Given material
··········

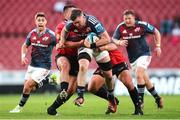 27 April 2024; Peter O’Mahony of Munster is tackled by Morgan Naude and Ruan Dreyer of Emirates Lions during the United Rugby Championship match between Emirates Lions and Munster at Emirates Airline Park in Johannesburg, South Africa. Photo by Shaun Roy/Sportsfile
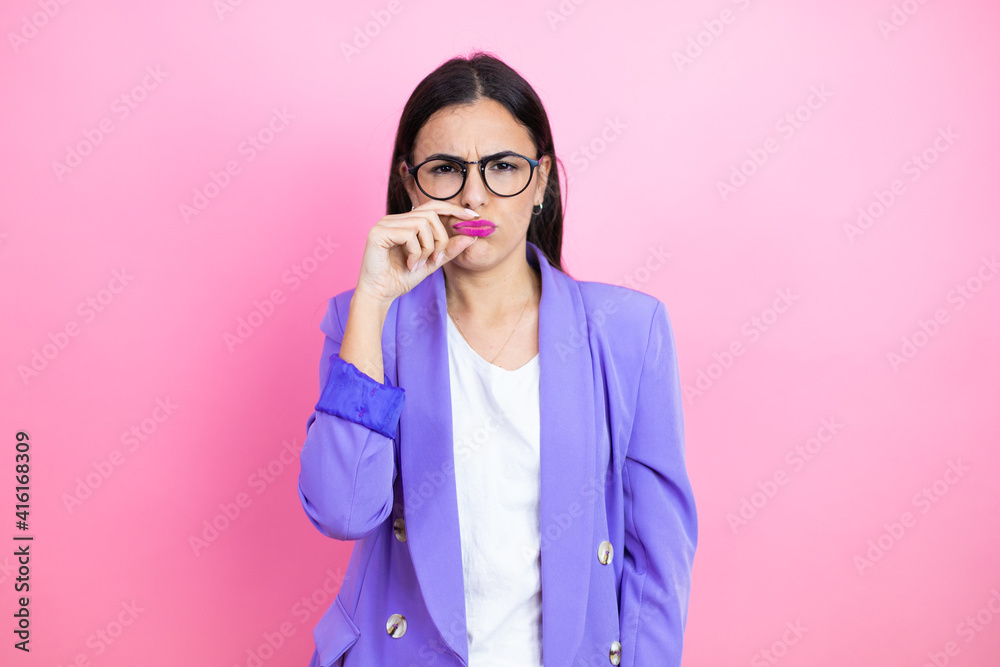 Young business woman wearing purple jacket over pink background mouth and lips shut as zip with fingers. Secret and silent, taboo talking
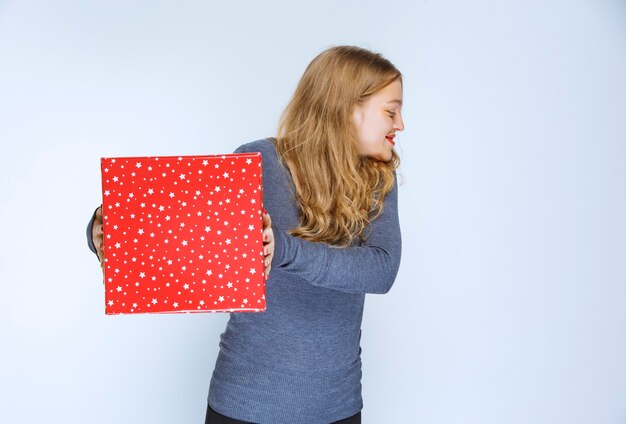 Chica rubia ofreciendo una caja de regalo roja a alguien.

··········

Work task
Give back the data exactly. Skip any images.

Task result
 27 April 2024; Peter O’Mahony of Munster is tackled by Morgan Naude and Ruan Dreyer of Emirates Lions during the United Rugby Championship match between Emirates Lions and Munster at Emirates Airline Park in Johannesburg, South Africa. Photo by Shaun Roy/Sportsfile
 Young business woman wearing purple jacket over pink background mouth and lips shut as zip with fingers. Secret and silent, taboo talking
 Chica rubia ofreciendo una caja de regalo roja a alguien.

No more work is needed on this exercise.